[[ MATERIAL FOR THE TASK open ]]

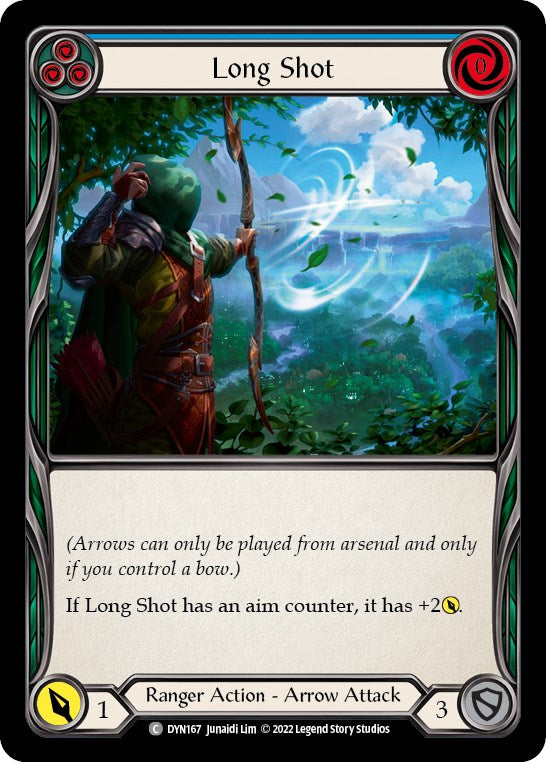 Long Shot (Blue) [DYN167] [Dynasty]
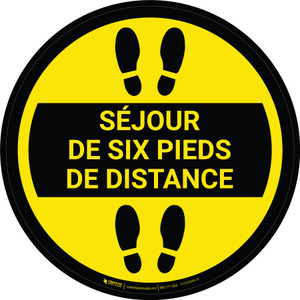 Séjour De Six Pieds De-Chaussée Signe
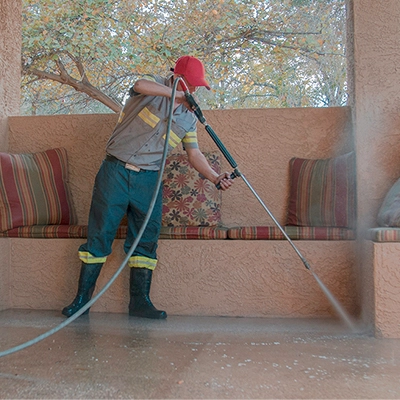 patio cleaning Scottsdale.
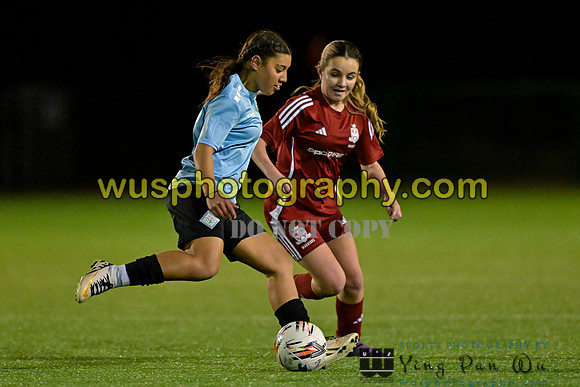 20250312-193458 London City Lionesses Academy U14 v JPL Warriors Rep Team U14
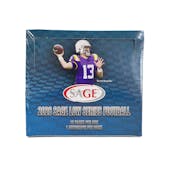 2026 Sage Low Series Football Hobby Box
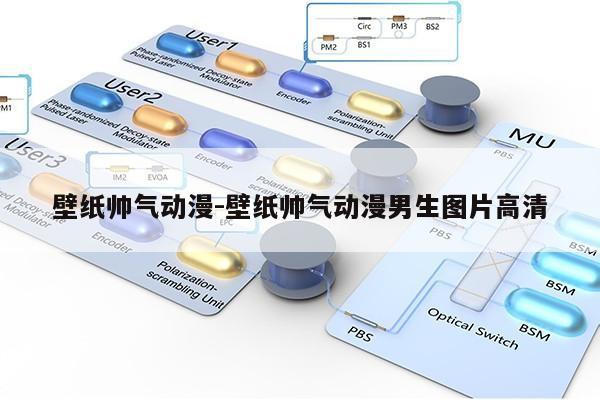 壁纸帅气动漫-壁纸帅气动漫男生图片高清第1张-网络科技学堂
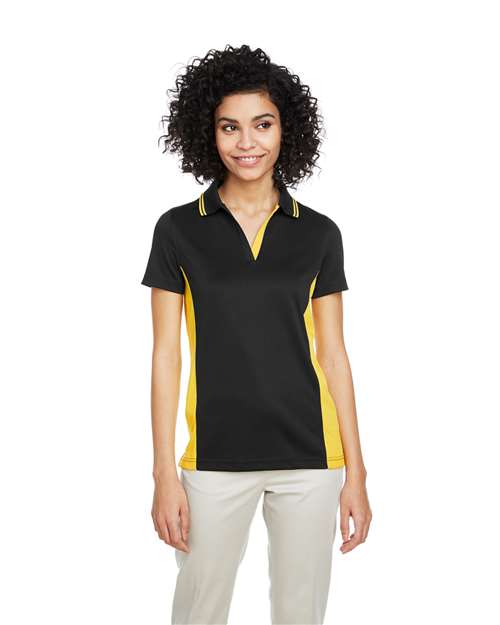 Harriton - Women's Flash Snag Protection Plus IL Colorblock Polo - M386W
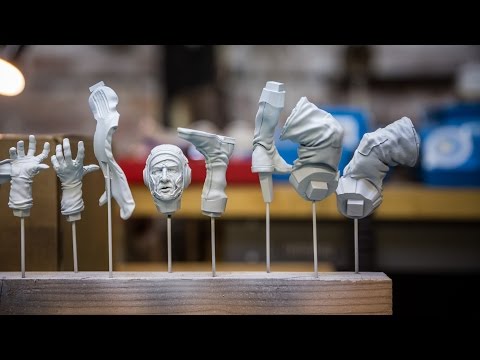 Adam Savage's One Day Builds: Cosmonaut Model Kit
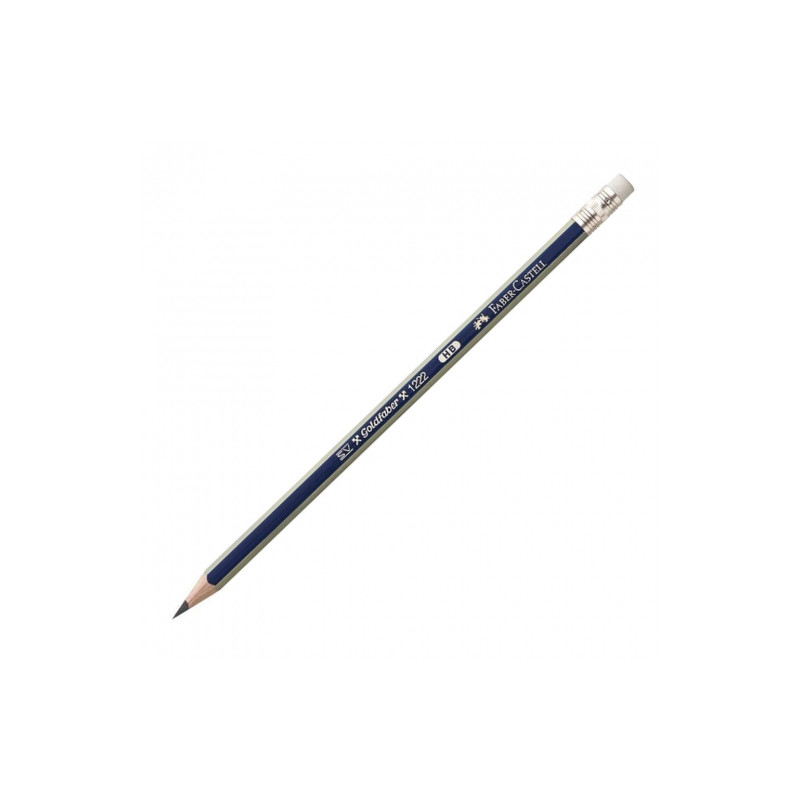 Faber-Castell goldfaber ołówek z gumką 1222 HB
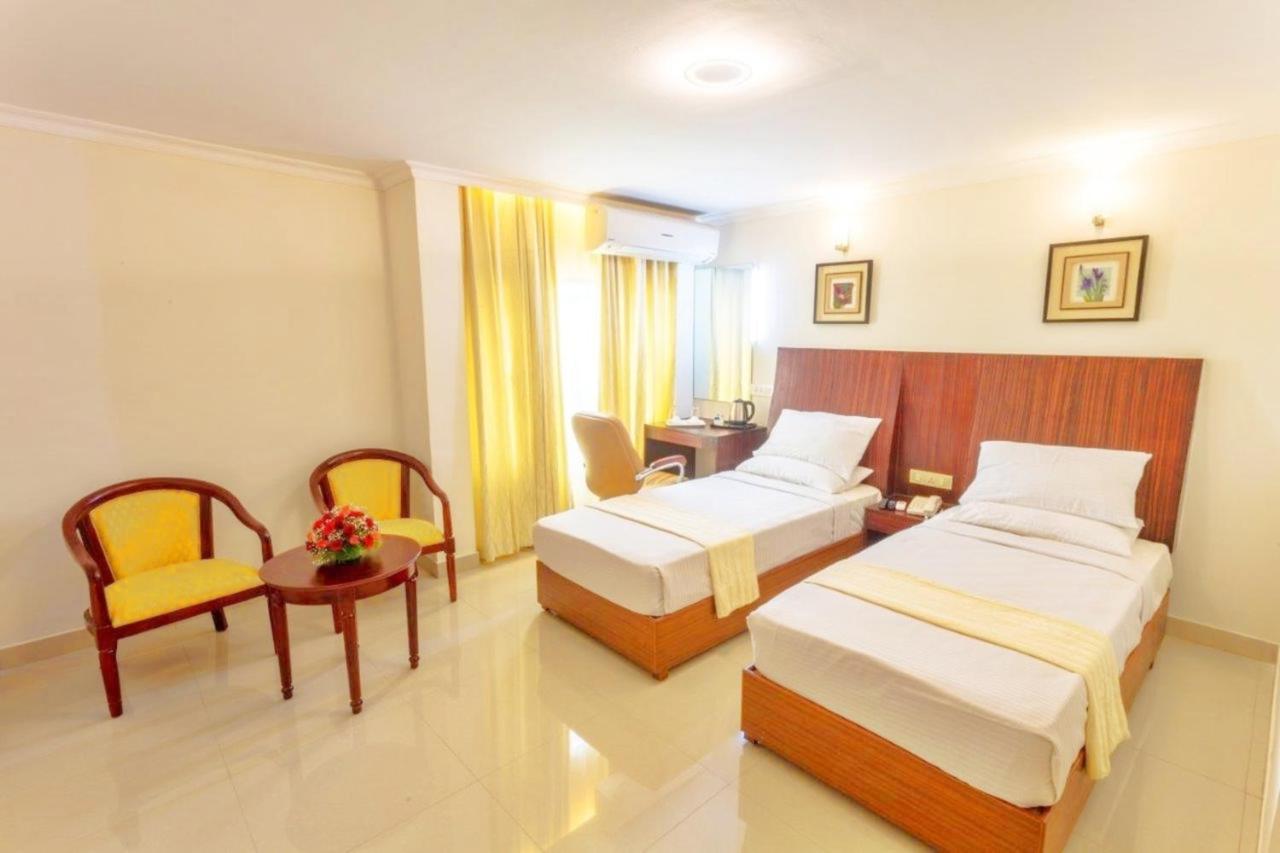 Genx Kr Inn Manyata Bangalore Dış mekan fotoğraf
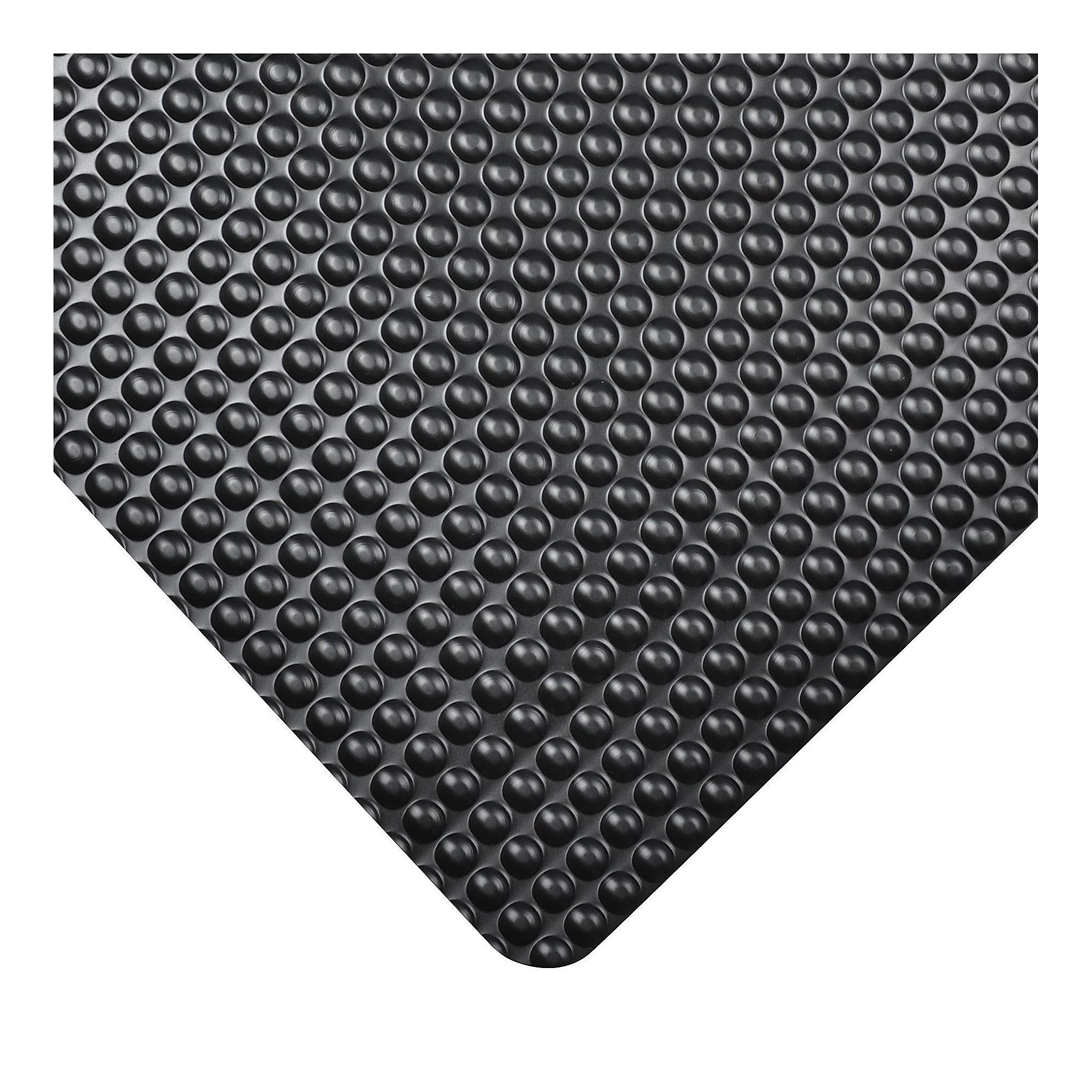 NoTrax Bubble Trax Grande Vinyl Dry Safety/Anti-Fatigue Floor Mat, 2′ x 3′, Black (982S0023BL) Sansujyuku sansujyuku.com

[[ MATERIAL FOR THE TASK closed ]]

**TASK DIRECTIONS**
Using the data above, retype exactly and only the lines from the one containing "壁纸帅气动漫-壁纸帅气动漫男生图片高清第1张-网络科技学堂" up to and including the one containing "Genx Kr Inn", with no pictures carried over.

**YOUR SOLUTION**
 壁纸帅气动漫-壁纸帅气动漫男生图片高清第1张-网络科技学堂
 Harriton - Women's Flash Snag Protection Plus IL Colorblock Polo - M386W
 Adam Savage's One Day Builds: Cosmonaut Model Kit
 Faber-Castell goldfaber ołówek z gumką 1222 HB
 Genx Kr Inn Manyata Bangalore Dış mekan fotoğraf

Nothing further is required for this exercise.